The AI Act is comprehensive, well-thought-out and the world’s first genuine AI law. But it’s also complex, time-intensive and costly to implement. Whilst American firms deploy and iterate, European lawyers sit in compliance meetings. This isn’t a plea against regulation – it’s a plea for smart regulation that enables innovation, rather than braking it.
Four Scenarios for 2040: Who Controls Intelligence?
The study ventures a look beyond the current status quo and sketches four scenarios for 2040, showing what’s at stake.
In the bleakest scenario, “Platform Supremacy”, states have effectively lost their power to tech giants. Whoever controls the data centres makes the rules. Europe would be merely a digital vassal here – a market, not a player. Another scenario, “Sovereign Blocs”, describes a world fragmenting into closed spheres of influence – security before openness. China, USA, Europe – three separate digital universes barely compatible with each other.
But there’s a glimmer of hope: the “Federated Future” scenario. Here Europe would leverage its strength as a diplomatic and regulatory hub and lead a world of interoperable, distributed AI systems. Standards instead of platforms, cooperation instead of dominance. This is the only path on which Europe remains not just a rule-setter, but also a shaper. But for that, Europe must deliver – technologically, economically, politically.
The Way Out: The Industrial Pivot
How can Europe avert this fate? The study delivers no feel-good answers, but hard strategic imperatives. Attempting to simply copy the American model of consumer AI – like ChatGPT – is doomed to failure. We have neither the capital markets nor the tech giants nor the cloud infrastructure to compete in this game.
Europe’s chance lies in the “Industrial Pivot”. We have the factories, the robots, the complex supply chains.

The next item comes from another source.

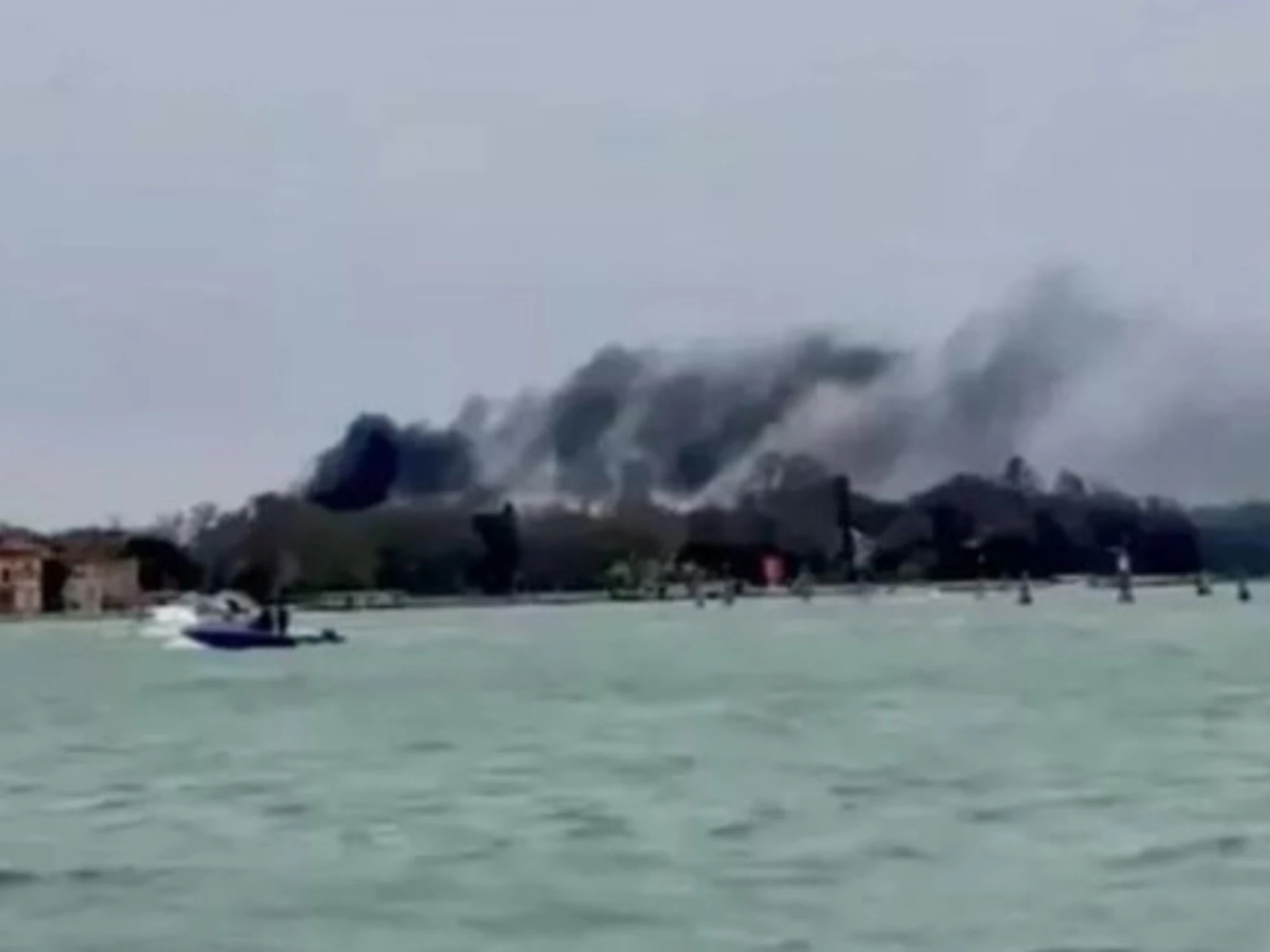 Paura alla Biennale di Venezia colonna di fumo: in fiamme il padiglione Serbia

If AI is integrated here – in “Physical AI” – Europe can use its industrial DNA. Siemens, ASML, SAP, Bosch – these aren’t consumer brands, but they’re world market leaders in their segments. If these companies build AI into their machines, processes and products, an ecosystem emerges that America and China cannot simply copy.

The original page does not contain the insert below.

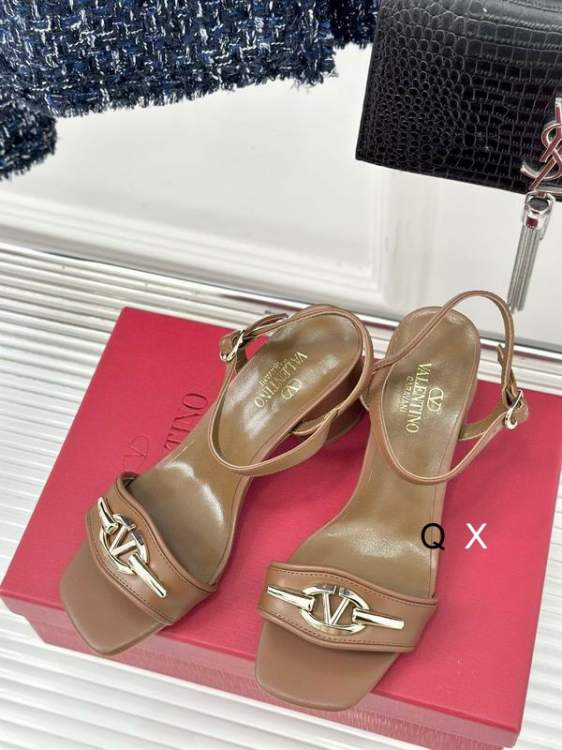 Picture of Valentino Shoes _SKUValentinsz35-407CMJX050220158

But that requires more than good intentions:
Infrastructure as Sovereignty: We need access to computing power and chips, not necessarily from our own production, but through secured supply chains. Europe cannot watch every geopolitical conflict whilst its data centres go offline because chips or energy are missing.
Capital with Speed: European funding programmes are too slow. In the time an EU application is examined, technology has already evolved. We need “Fast Track Funding” – straightforward, quick, willing to take risks.
Energy: AI is hungry. Without affordable, green energy there’ll be no large data centres in Europe. Denmark, Norway, France with nuclear power – these are strategic assets that Europe must use.
What Remains
The message for Berlin, Brussels and Paris is clear: in the AI era, sovereignty doesn’t mean isolation, but capacity to act. The “break-even point”, beyond which catching up becomes impossible, is drawing threateningly closer. Europe must decide now: do we want to be the museum of the industrial revolution or the workshop of the digital future?
The time for pilot projects is over. It’s about scaling – or about irrelevance. Europe has the values, the talent, the industry. But values without power are just fine words. And fine words don’t win races.
Between regulatory world champion and digital colony lies a narrow ridge. Europe must decide which side it wants to stand on. The clock is ticking.